Segment Start: DATA FOR THE TASK
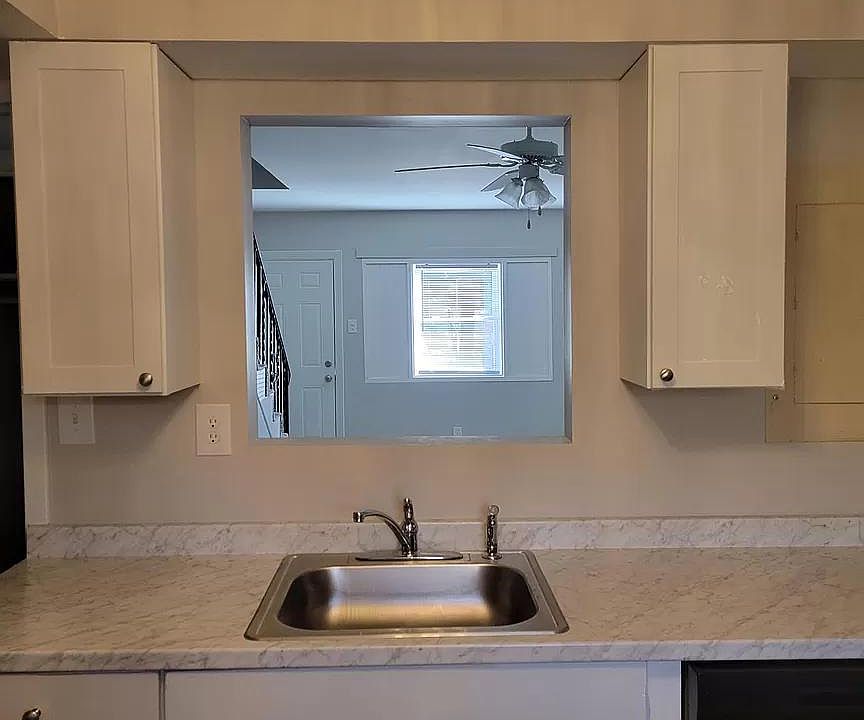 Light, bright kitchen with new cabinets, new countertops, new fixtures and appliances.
Segment End: DATA FOR THE TASK
Segment Start: DATA FOR THE TASK
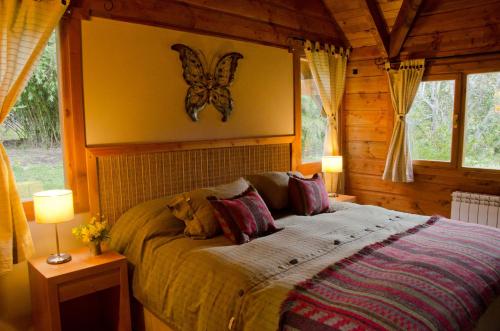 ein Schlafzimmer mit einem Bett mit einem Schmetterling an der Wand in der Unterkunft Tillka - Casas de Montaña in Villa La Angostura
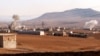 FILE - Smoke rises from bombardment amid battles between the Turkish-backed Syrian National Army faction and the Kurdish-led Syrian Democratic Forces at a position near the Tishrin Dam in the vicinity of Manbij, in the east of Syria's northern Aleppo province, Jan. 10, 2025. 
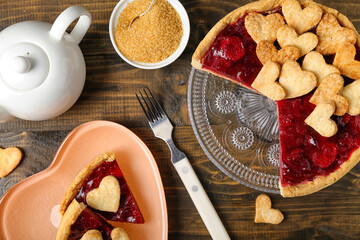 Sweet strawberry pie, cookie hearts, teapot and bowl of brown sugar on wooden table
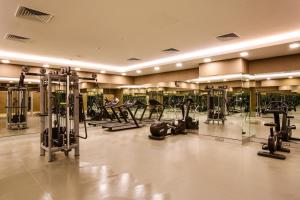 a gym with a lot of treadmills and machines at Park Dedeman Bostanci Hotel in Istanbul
Segment End: DATA FOR THE TASK
BRIEF => Start with the line with "Sweet strawberry pie, cookie" in the listing above and stop after the line with "a gym with a". Write out exactly the lines in that stretch and no others, without pictures.

EXERCISE RESPONSE =>
 Sweet strawberry pie, cookie hearts, teapot and bowl of brown sugar on wooden table
 a gym with a lot of treadmills and machines at Park Dedeman Bostanci Hotel in Istanbul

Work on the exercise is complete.